Available data: Begin

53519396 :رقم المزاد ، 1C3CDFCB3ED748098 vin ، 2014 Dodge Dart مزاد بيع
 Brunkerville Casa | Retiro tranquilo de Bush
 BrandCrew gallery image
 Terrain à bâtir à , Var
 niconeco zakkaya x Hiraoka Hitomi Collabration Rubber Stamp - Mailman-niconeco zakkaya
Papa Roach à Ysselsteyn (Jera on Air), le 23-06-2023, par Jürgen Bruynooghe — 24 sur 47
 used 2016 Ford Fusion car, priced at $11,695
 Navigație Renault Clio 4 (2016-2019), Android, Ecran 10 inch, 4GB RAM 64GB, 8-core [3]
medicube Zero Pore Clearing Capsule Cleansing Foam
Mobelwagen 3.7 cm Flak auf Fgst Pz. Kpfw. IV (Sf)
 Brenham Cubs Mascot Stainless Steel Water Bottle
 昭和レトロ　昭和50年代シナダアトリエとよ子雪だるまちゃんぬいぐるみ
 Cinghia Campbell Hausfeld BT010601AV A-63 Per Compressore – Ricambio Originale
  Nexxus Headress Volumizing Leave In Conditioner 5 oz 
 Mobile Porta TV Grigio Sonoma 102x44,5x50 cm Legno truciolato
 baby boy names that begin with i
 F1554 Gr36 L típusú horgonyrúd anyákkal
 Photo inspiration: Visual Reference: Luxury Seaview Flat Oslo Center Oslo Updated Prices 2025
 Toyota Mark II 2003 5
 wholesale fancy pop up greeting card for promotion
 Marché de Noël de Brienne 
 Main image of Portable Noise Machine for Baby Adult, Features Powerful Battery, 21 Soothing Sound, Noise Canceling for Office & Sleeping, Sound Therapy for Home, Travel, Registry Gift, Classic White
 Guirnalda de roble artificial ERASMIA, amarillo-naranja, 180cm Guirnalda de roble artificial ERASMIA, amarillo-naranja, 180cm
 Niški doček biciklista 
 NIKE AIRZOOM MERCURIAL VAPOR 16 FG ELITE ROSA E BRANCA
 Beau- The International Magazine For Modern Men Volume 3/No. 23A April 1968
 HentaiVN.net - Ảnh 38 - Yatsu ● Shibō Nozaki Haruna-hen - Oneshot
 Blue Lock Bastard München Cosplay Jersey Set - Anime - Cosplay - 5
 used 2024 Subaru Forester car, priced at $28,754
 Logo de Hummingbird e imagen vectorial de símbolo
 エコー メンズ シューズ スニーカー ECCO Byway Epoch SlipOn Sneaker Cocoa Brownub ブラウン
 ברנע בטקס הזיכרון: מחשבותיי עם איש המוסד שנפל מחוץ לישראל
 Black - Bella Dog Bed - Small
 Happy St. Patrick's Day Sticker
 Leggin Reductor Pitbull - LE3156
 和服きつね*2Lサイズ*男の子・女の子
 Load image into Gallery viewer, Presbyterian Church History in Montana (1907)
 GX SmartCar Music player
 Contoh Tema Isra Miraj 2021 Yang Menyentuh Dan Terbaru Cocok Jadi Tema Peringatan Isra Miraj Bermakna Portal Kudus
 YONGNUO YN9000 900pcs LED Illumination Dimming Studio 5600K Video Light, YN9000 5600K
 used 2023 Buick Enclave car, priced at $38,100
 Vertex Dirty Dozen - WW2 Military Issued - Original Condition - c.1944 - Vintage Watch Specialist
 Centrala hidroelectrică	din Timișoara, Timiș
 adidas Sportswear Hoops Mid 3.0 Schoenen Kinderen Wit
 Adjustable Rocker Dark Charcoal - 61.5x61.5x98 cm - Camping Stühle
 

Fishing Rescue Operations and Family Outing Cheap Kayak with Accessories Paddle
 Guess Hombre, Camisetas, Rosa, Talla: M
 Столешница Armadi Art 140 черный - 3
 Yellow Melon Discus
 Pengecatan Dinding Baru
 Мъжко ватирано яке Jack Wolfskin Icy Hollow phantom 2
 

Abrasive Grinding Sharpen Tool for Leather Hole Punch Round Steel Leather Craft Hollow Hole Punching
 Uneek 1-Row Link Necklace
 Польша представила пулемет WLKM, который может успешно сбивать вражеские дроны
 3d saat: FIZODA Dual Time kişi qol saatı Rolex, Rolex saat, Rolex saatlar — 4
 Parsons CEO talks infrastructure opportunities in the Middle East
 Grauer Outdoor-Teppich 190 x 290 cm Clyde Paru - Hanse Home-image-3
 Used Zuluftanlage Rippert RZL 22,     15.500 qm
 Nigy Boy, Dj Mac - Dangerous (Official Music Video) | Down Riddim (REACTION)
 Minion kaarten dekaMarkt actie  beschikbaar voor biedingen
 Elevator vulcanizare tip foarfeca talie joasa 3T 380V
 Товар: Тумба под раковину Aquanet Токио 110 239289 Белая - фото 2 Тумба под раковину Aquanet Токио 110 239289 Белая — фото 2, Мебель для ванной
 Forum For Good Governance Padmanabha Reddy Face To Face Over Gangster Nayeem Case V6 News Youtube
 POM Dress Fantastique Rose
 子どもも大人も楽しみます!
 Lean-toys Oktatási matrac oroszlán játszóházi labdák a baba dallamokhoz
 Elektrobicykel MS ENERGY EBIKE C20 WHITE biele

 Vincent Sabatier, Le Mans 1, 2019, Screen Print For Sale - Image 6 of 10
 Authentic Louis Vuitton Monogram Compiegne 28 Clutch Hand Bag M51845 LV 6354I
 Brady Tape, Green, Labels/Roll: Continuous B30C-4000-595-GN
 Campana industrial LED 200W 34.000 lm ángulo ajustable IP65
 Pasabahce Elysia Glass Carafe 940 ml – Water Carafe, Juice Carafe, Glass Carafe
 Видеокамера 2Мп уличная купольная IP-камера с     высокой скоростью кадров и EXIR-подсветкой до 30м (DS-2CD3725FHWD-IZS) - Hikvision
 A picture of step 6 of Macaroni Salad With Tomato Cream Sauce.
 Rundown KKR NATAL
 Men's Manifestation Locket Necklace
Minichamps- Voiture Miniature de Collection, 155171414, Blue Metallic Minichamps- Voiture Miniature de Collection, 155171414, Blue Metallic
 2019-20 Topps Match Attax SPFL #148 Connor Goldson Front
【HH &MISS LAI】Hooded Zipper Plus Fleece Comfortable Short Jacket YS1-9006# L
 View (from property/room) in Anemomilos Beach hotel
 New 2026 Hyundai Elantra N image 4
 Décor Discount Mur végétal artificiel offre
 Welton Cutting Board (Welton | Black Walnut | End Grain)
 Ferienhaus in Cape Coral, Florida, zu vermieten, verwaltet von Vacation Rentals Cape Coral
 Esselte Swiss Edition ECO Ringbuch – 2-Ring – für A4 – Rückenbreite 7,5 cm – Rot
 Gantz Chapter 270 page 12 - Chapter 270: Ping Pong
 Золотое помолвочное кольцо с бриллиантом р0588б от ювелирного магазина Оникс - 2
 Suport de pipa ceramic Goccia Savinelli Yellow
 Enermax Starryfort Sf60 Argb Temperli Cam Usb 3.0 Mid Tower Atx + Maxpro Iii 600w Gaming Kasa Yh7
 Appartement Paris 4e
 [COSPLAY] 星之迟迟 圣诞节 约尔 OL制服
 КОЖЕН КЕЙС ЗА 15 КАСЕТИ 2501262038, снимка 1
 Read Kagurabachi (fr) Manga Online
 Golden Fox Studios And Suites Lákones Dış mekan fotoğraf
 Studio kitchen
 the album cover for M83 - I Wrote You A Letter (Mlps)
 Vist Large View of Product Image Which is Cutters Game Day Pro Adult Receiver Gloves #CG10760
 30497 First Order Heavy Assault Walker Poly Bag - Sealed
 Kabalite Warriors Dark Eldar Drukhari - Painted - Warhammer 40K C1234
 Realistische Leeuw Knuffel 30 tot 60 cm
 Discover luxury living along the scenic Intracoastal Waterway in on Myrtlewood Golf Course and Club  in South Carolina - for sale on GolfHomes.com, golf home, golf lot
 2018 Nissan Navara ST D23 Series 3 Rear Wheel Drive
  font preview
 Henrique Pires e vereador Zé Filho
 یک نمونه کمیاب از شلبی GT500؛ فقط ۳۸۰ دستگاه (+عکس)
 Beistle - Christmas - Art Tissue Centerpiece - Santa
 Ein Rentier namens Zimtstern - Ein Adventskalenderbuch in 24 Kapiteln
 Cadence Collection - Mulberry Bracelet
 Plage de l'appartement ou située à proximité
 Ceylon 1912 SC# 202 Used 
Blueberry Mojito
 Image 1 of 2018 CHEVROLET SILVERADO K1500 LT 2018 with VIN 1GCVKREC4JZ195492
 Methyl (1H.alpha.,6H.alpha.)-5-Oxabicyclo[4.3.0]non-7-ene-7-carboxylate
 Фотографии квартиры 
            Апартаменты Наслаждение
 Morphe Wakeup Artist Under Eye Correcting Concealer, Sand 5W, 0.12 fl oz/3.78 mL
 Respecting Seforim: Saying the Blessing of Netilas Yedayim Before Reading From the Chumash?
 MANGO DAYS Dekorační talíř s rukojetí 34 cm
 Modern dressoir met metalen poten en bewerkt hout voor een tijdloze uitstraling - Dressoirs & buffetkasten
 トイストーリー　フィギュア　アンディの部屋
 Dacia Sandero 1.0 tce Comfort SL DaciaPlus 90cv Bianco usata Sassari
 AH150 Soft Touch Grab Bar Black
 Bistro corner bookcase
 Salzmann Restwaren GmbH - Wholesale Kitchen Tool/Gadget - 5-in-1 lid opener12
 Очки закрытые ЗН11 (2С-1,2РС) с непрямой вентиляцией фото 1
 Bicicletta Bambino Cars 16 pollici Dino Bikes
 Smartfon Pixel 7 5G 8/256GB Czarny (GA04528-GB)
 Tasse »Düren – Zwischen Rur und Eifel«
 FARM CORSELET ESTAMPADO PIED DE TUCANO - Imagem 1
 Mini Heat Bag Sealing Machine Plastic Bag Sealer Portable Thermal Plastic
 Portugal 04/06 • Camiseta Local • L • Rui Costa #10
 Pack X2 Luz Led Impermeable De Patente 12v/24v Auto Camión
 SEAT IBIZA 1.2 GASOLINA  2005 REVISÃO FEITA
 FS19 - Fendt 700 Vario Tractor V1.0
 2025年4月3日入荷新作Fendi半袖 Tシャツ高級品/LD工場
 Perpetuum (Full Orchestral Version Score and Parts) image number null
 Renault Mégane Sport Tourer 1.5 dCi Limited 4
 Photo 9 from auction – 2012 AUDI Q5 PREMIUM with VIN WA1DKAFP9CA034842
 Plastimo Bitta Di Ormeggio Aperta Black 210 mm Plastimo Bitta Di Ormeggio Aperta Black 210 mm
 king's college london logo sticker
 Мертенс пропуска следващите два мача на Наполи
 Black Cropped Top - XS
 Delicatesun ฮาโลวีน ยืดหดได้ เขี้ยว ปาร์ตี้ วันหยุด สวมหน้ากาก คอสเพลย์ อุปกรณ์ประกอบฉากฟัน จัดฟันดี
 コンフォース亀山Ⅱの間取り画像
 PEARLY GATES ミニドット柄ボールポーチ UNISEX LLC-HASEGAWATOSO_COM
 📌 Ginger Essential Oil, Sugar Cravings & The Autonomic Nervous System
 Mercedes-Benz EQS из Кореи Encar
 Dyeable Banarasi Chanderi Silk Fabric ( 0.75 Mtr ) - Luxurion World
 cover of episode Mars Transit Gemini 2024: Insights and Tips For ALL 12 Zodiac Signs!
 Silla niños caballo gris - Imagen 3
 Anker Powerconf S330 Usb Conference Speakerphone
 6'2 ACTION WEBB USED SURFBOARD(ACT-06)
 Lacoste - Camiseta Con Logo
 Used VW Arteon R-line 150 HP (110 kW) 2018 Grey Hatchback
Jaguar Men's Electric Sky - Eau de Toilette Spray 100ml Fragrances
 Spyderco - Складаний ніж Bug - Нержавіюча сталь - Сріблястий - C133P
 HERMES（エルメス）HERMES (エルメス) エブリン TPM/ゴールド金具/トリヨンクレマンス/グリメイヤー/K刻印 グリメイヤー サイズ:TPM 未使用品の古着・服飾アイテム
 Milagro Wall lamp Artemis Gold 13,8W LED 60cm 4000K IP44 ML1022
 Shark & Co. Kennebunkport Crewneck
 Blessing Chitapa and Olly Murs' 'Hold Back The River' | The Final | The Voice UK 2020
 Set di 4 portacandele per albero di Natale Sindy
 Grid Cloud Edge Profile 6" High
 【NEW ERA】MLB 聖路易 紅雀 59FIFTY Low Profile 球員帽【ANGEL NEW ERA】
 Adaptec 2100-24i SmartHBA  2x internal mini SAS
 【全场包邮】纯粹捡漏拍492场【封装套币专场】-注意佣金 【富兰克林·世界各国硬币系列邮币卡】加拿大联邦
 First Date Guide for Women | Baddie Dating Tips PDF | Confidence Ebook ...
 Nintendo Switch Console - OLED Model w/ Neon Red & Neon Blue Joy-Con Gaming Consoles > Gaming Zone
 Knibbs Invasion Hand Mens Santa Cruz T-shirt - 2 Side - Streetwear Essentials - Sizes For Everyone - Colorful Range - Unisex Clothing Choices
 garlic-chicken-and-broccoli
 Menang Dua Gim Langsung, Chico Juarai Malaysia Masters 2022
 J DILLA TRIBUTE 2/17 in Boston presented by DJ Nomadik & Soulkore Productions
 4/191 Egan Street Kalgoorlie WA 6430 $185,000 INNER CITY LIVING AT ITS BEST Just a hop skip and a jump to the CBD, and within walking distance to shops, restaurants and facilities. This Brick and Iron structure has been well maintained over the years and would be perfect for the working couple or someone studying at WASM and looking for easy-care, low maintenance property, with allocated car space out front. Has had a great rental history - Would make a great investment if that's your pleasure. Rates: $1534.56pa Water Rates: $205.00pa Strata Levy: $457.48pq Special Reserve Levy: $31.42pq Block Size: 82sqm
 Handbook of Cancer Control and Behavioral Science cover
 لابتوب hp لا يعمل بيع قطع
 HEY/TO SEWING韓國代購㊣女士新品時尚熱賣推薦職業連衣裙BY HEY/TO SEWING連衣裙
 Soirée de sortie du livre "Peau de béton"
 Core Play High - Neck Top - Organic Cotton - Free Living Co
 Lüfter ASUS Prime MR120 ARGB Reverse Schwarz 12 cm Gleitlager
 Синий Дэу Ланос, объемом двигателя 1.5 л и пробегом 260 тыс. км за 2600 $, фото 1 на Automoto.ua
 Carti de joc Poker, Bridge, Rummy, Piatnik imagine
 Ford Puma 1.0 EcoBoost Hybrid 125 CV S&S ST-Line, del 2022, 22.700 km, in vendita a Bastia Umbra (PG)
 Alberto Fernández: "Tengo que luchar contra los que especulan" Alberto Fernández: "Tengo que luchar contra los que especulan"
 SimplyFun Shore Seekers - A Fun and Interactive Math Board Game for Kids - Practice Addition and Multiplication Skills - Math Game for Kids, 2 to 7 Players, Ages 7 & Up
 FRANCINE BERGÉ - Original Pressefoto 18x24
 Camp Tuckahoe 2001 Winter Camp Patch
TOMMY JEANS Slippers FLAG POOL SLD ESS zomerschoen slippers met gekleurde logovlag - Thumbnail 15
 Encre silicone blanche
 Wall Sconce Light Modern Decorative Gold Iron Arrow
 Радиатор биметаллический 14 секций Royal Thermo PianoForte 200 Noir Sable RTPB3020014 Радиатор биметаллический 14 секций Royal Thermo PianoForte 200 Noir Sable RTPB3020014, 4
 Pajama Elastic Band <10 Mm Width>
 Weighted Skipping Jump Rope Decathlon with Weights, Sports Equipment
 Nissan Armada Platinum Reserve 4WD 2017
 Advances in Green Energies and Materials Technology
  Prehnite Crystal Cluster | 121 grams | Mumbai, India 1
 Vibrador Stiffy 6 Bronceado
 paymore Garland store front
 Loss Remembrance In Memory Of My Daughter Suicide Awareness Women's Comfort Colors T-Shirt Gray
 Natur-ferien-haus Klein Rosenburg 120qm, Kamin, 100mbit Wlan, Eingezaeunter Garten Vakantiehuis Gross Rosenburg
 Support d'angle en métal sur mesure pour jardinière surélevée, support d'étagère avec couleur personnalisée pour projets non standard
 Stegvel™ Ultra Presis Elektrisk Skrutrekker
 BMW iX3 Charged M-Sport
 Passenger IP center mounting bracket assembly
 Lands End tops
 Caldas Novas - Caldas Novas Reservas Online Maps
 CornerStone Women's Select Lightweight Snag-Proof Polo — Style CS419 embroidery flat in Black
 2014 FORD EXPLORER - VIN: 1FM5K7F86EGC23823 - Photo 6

Available data: End

◆ Problem statement: From the very first line of the data through the line with "niconeco zakkaya x" in it, please reproduce each line exactly and output nothing more.

◆ Task result:
53519396 :رقم المزاد ، 1C3CDFCB3ED748098 vin ، 2014 Dodge Dart مزاد بيع
 Brunkerville Casa | Retiro tranquilo de Bush
 BrandCrew gallery image
 Terrain à bâtir à , Var
 niconeco zakkaya x Hiraoka Hitomi Collabration Rubber Stamp - Mailman-niconeco zakkaya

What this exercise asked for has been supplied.